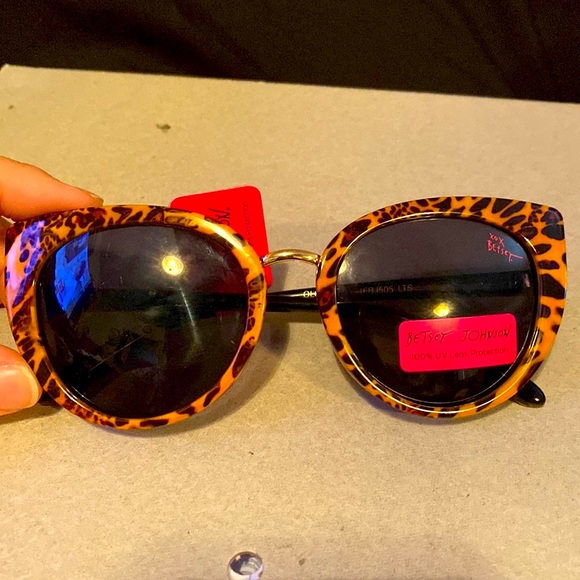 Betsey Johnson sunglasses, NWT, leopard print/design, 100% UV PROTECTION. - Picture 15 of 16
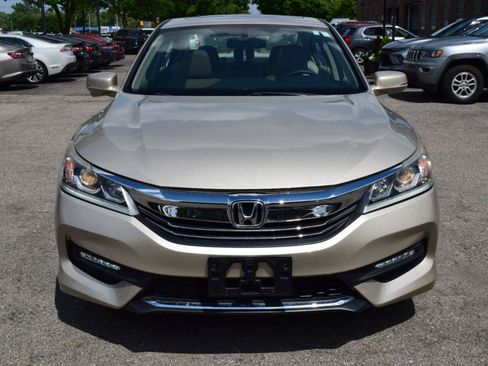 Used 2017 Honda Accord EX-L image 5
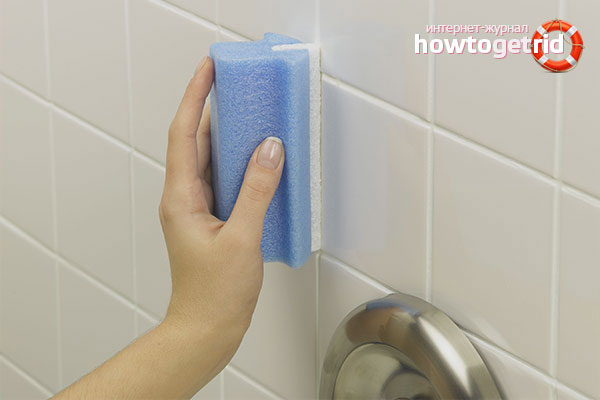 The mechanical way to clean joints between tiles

==

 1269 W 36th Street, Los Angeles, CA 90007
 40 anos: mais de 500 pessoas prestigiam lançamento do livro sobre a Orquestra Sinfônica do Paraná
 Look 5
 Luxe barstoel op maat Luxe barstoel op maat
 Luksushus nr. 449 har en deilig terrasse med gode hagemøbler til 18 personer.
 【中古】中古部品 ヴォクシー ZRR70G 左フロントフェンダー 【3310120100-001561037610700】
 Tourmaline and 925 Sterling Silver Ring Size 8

* * *

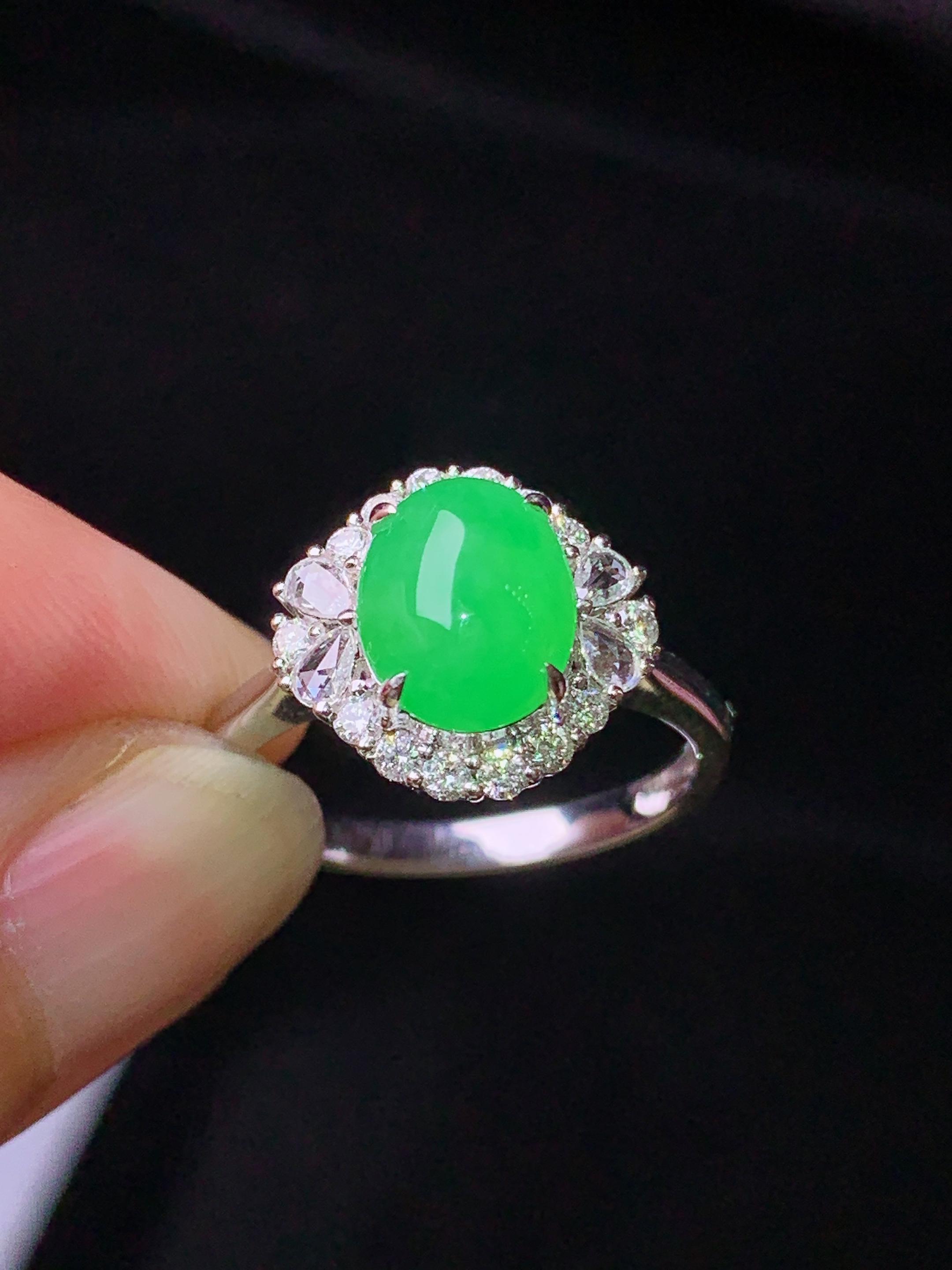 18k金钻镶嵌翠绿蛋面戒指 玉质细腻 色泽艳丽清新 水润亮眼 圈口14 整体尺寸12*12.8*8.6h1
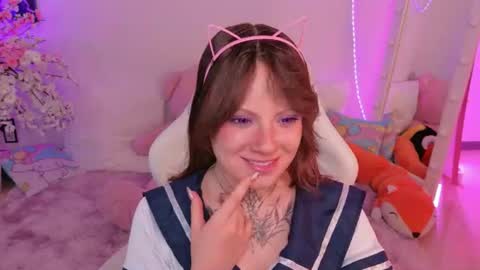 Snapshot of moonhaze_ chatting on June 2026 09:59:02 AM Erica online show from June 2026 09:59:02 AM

* _Assignment_:
Could you return exactly the stretch of the data above that starts at the line with "Luksushus nr. 449" and ends at the line with "Tourmaline and 925", both lines included?

* _Written solution_:
 Luksushus nr. 449 har en deilig terrasse med gode hagemøbler til 18 personer.
 【中古】中古部品 ヴォクシー ZRR70G 左フロントフェンダー 【3310120100-001561037610700】
 Tourmaline and 925 Sterling Silver Ring Size 8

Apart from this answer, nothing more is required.